Material for the task

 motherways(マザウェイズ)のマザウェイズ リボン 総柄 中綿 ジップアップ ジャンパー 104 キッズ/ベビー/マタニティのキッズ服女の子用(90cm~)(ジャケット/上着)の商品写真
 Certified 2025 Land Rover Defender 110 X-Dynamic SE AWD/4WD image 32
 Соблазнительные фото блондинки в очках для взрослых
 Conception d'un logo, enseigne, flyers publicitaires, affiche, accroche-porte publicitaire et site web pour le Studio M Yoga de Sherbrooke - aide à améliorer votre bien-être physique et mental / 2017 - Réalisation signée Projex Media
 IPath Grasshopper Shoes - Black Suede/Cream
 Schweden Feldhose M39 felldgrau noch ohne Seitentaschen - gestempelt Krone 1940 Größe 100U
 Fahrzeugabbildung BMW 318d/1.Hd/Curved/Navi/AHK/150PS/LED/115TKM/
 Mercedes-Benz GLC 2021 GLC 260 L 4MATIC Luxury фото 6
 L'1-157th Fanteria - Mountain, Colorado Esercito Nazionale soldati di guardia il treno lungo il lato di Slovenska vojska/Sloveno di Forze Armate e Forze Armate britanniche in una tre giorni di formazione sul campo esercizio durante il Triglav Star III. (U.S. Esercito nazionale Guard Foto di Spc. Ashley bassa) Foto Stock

Goal of the exercise
Look for the line that contains "Mercedes-Benz GLC 2021" in the entries above. Set it down, along with all later lines, exactly as written.

Answer
 Mercedes-Benz GLC 2021 GLC 260 L 4MATIC Luxury фото 6
 L'1-157th Fanteria - Mountain, Colorado Esercito Nazionale soldati di guardia il treno lungo il lato di Slovenska vojska/Sloveno di Forze Armate e Forze Armate britanniche in una tre giorni di formazione sul campo esercizio durante il Triglav Star III. (U.S. Esercito nazionale Guard Foto di Spc. Ashley bassa) Foto Stock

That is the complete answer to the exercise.